§ Prompt: Once the pictures are removed, reproduce what is left of the data below exactly.

§ Data extracts:
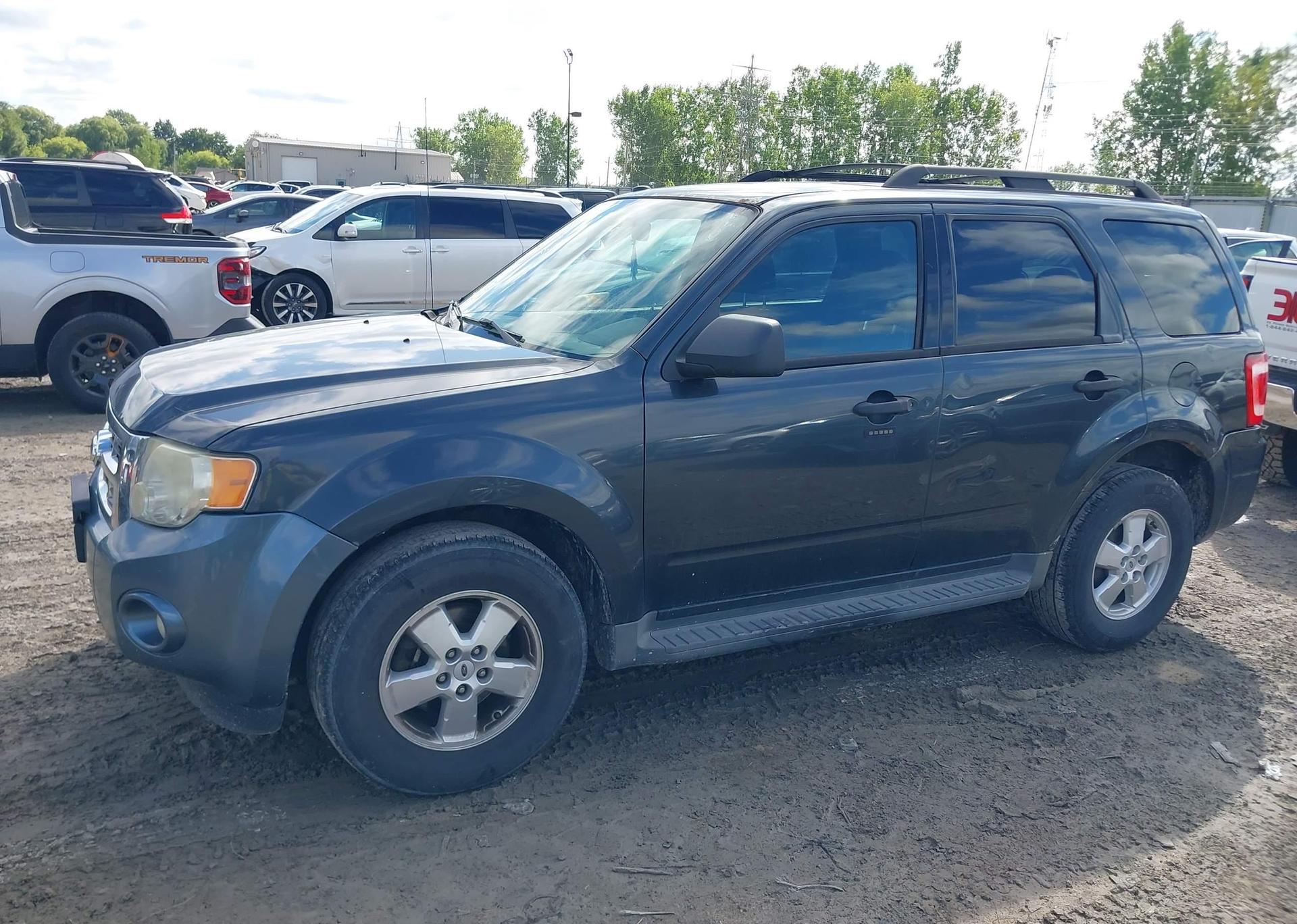 2009 FORD ESCAPE XLT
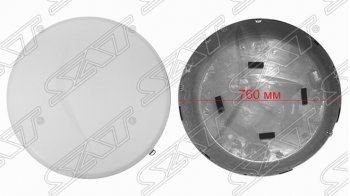Колпак запасного колеса SAT (внешняя часть, R17)  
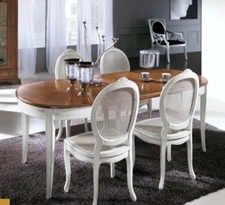 TAVOLO DA PRANZO OVALINO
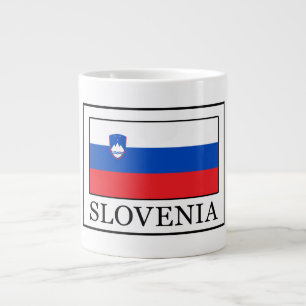 Slovenia Large Coffee Mug
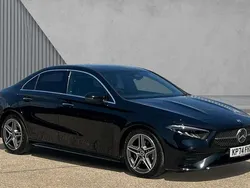 Black Used 2024 Mercedes A200 Executive Sedan | £26,467 (Fair price)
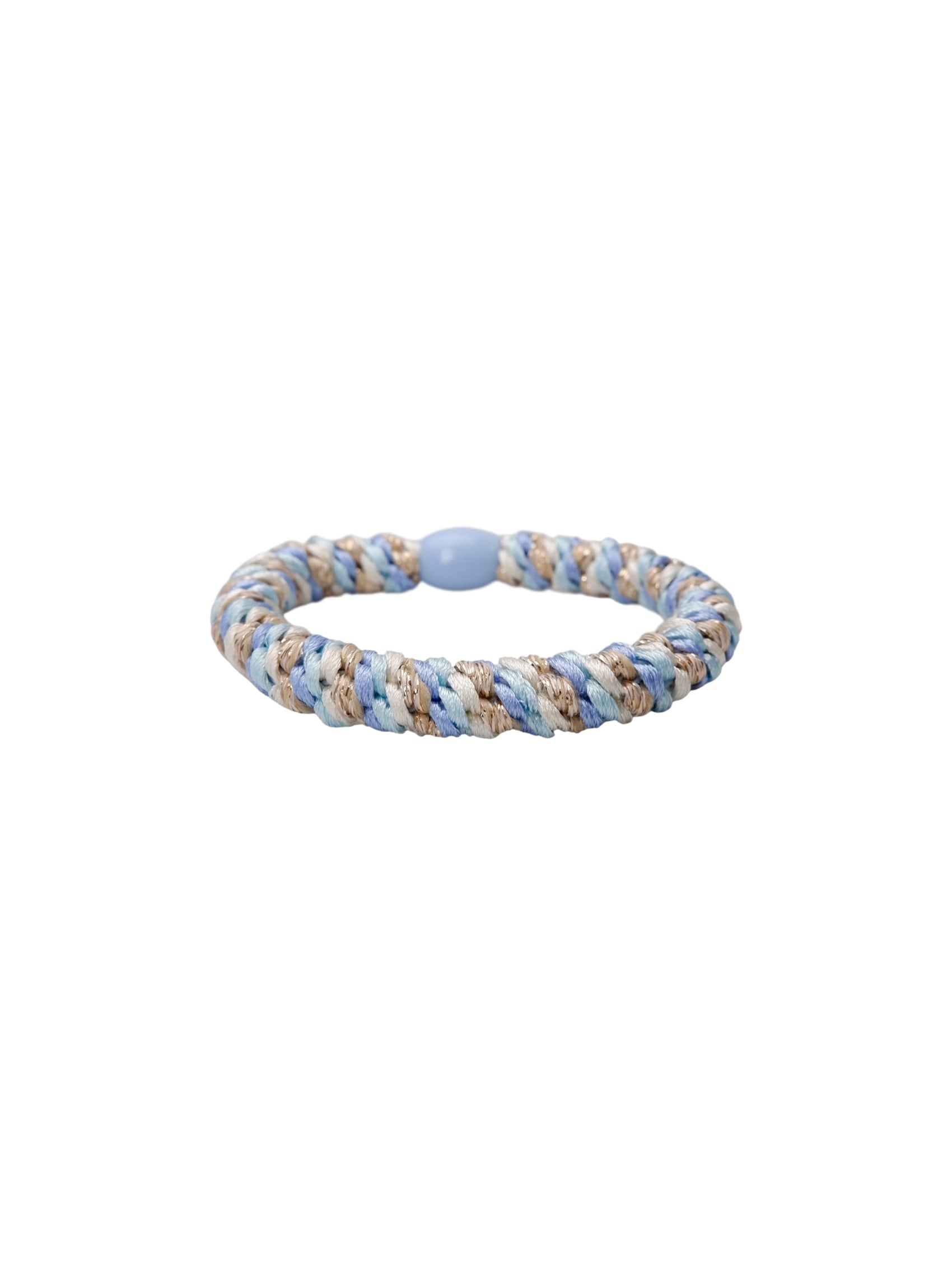 BCKALLY elastic - Aqua Sand - Black Colour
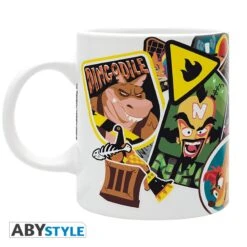 ABYstyle CRASH BANDICOOT Mug Sticker Crash -ABYstyle Boutique 3665361049081 3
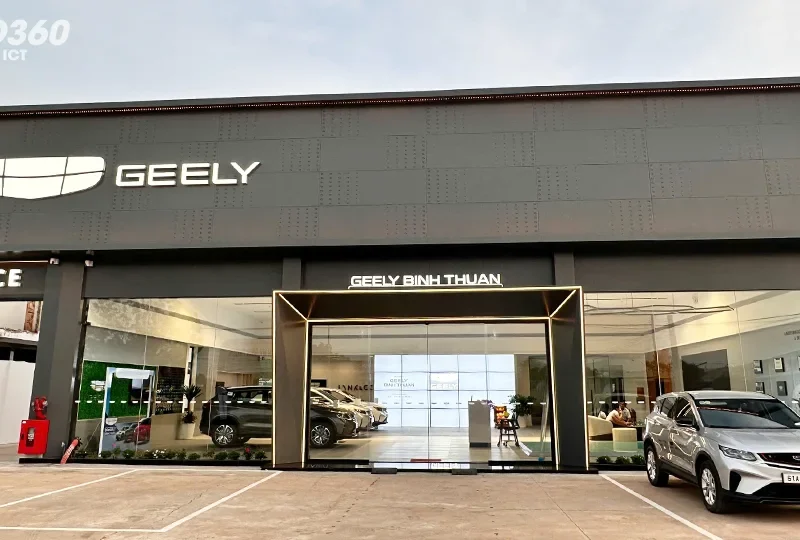 Geely Bình Thuận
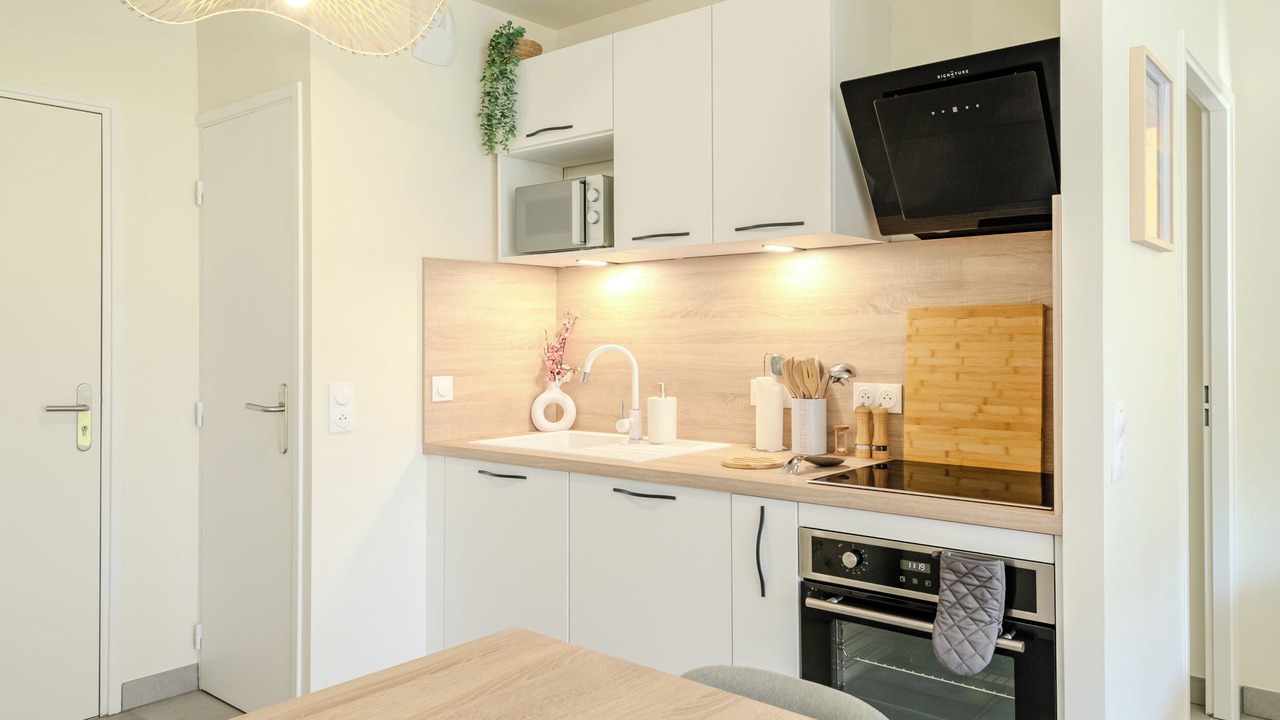 Photo of Kitchen in Mimizan-Plage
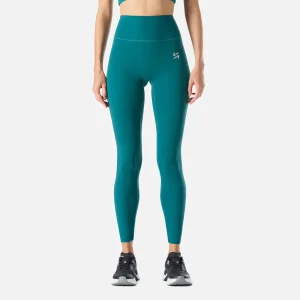 Calza Mujer Tempo 7/8 Super High Rise Leggins Petroleo Vulcano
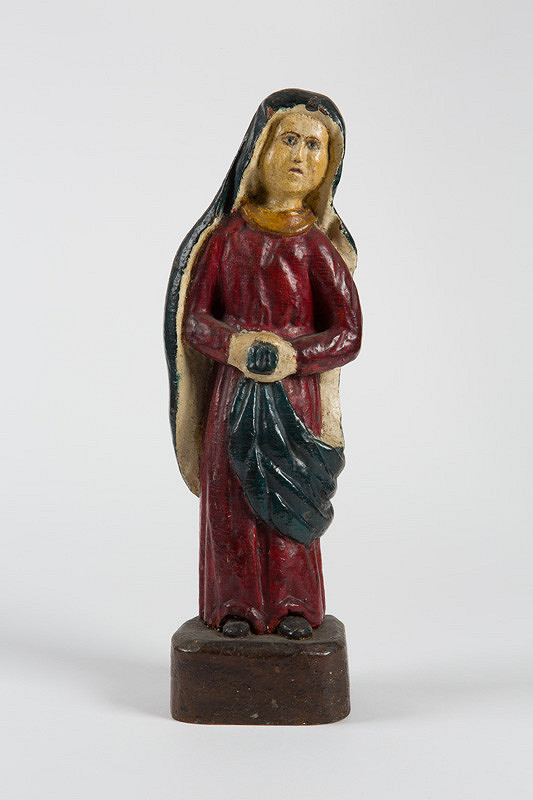 Neznámy autor – Mária Bolestná 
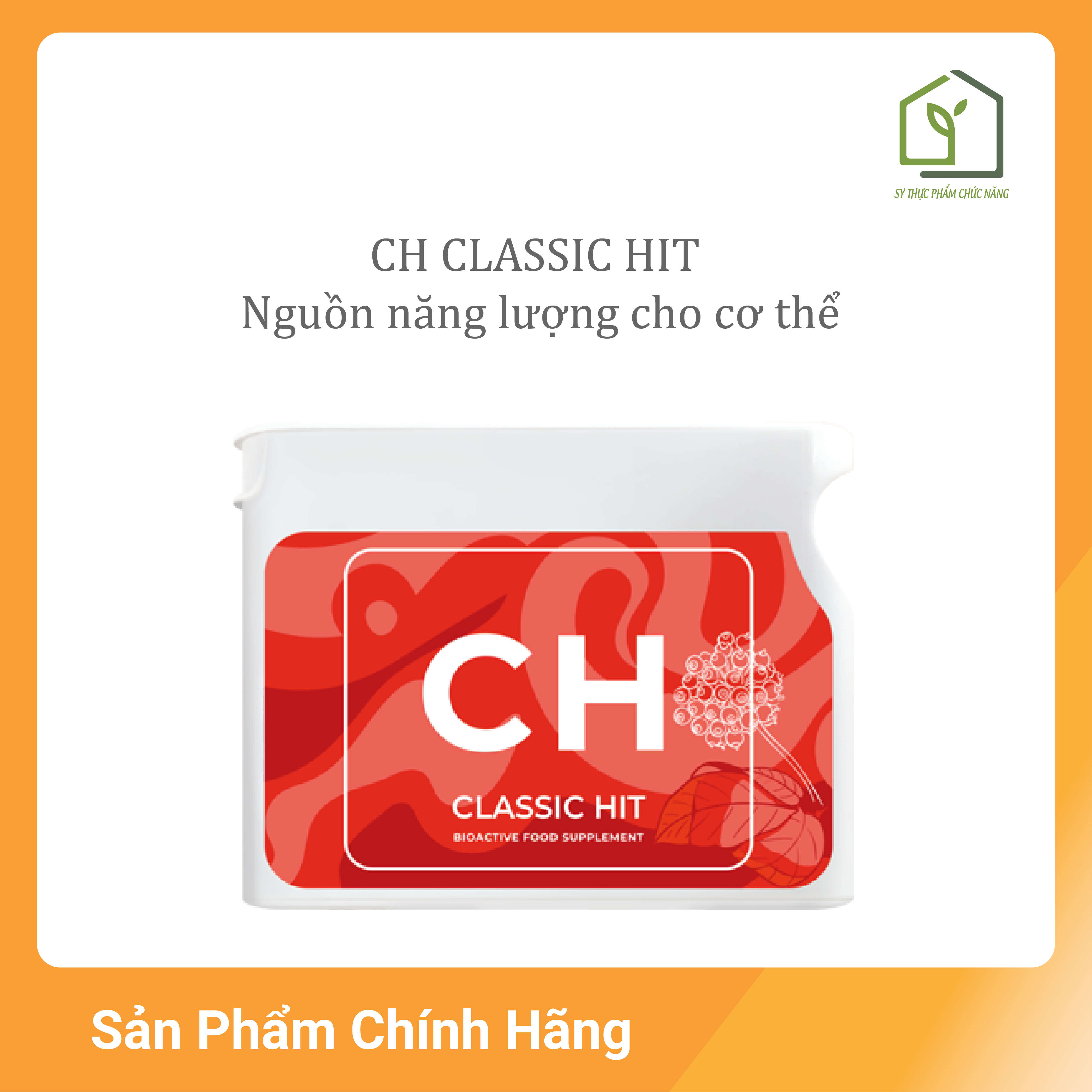 [Hcm]Ch Classic Hit Nguồn Năng Lượng Cho Cơ Thể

§ Written reply:
 2009 FORD ESCAPE XLT
Колпак запасного колеса SAT (внешняя часть, R17)  
 TAVOLO DA PRANZO OVALINO
 Slovenia Large Coffee Mug
 Black Used 2024 Mercedes A200 Executive Sedan | £26,467 (Fair price)
 BCKALLY elastic - Aqua Sand - Black Colour
 ABYstyle CRASH BANDICOOT Mug Sticker Crash -ABYstyle Boutique 3665361049081 3
 Geely Bình Thuận
 Photo of Kitchen in Mimizan-Plage
 Calza Mujer Tempo 7/8 Super High Rise Leggins Petroleo Vulcano
 Neznámy autor – Mária Bolestná 
 [Hcm]Ch Classic Hit Nguồn Năng Lượng Cho Cơ Thể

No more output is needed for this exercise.